▸ Exercise objective: Write out each record below exactly as it appears, with no pictures.

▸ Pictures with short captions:

::::::::::

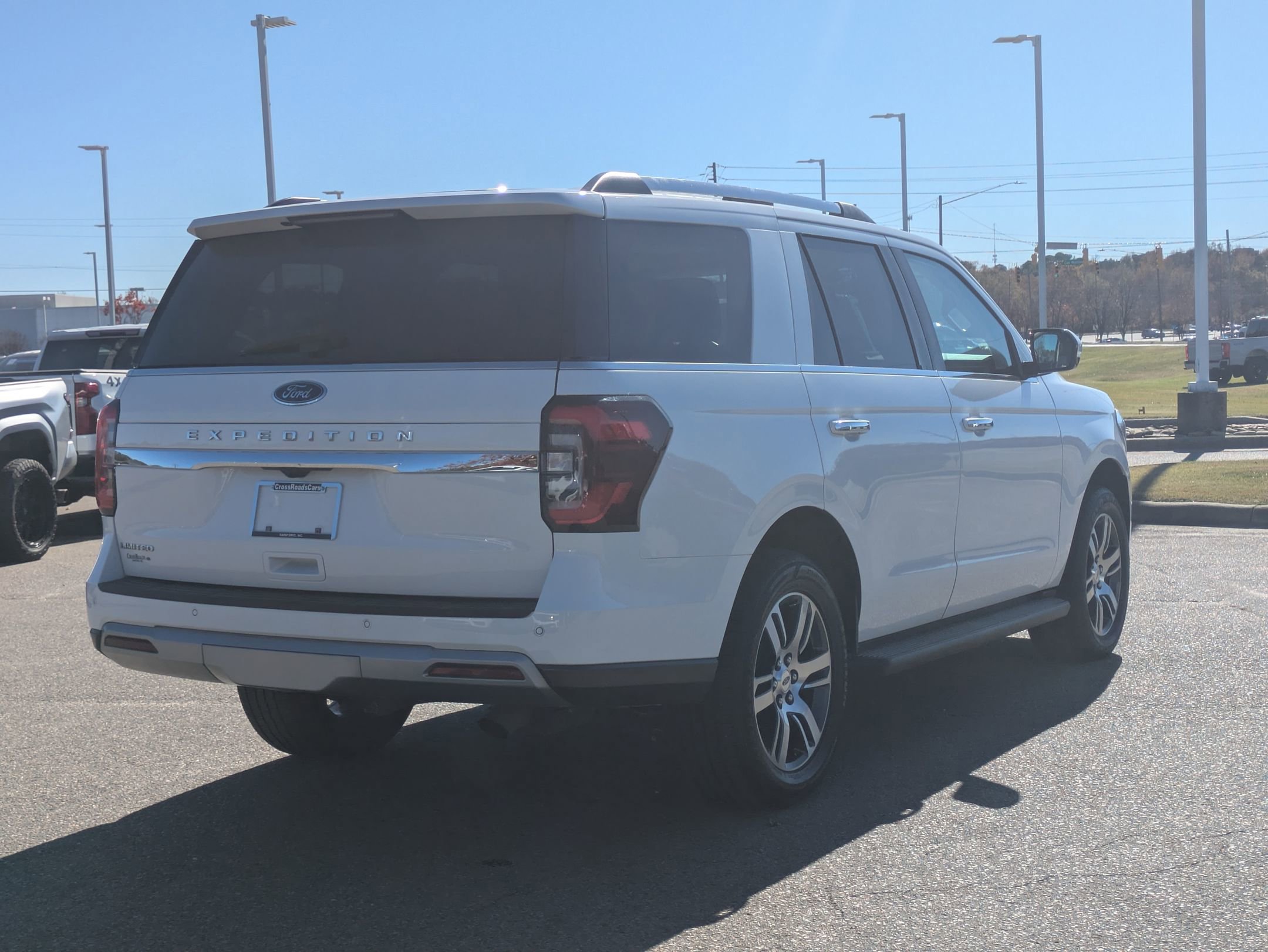 Certified 2024 Ford Expedition Limited image 4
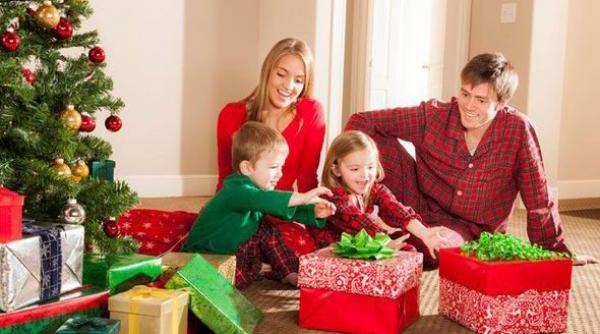 cum invatam copiii despre bunele maniere la primirea cadourilor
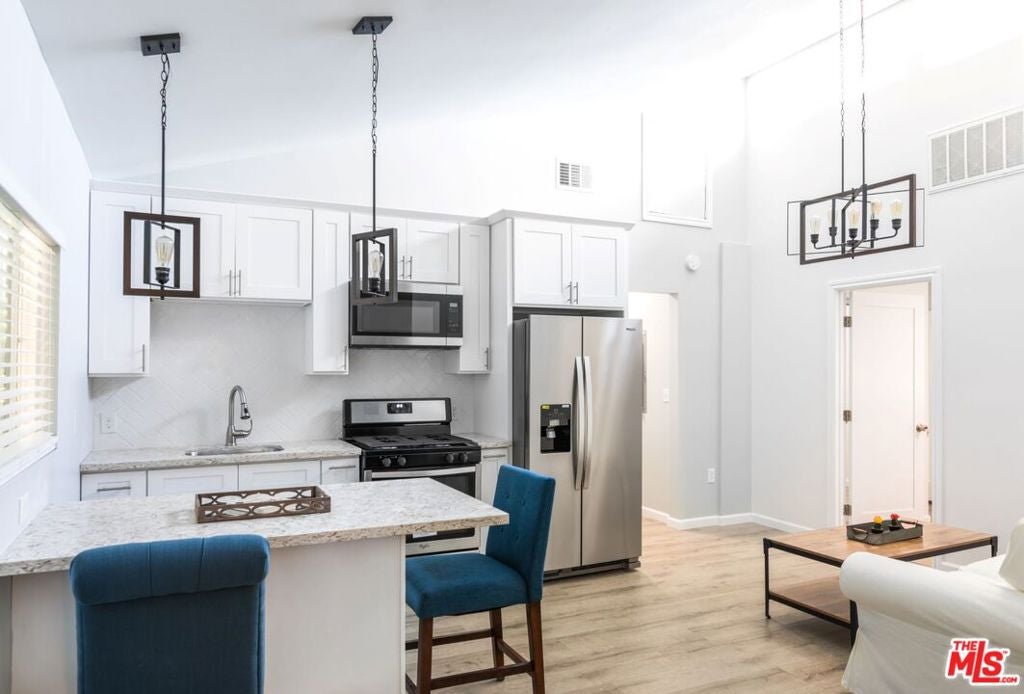 1273 W 36th Place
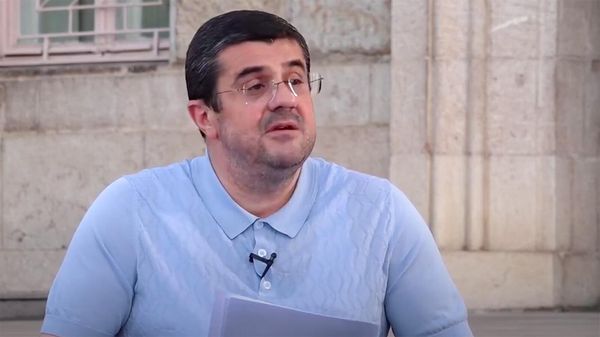 Президент Нагорного Карабаха Араик Арутюнян выступает с заявлением (25 июля 2023). Степанакерт - Sputnik Армения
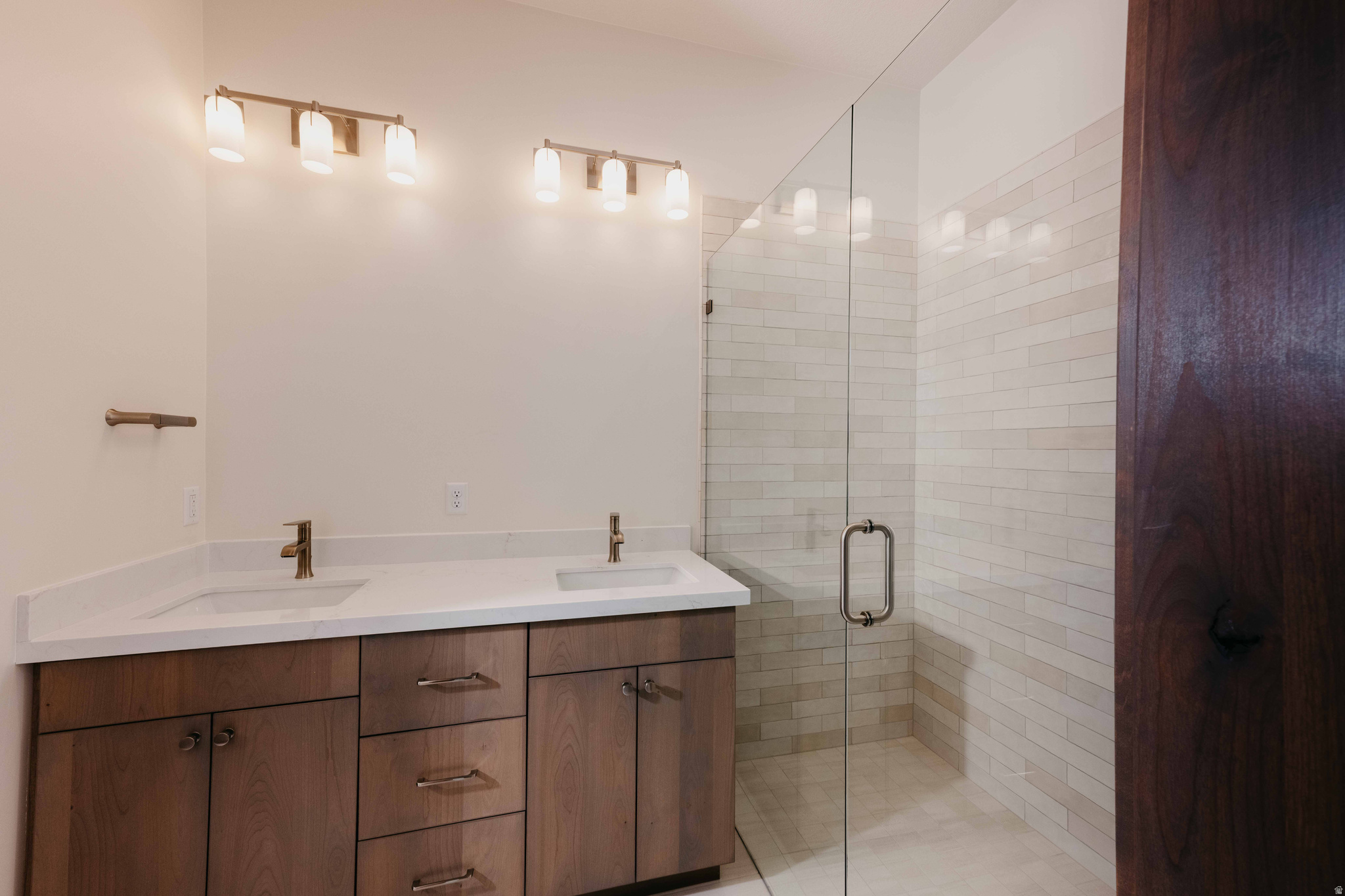 BASE 45 - Residential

::::::::::

▸ Task solution:
 Certified 2024 Ford Expedition Limited image 4
 cum invatam copiii despre bunele maniere la primirea cadourilor
 1273 W 36th Place
 Президент Нагорного Карабаха Араик Арутюнян выступает с заявлением (25 июля 2023). Степанакерт - Sputnik Армения
 BASE 45 - Residential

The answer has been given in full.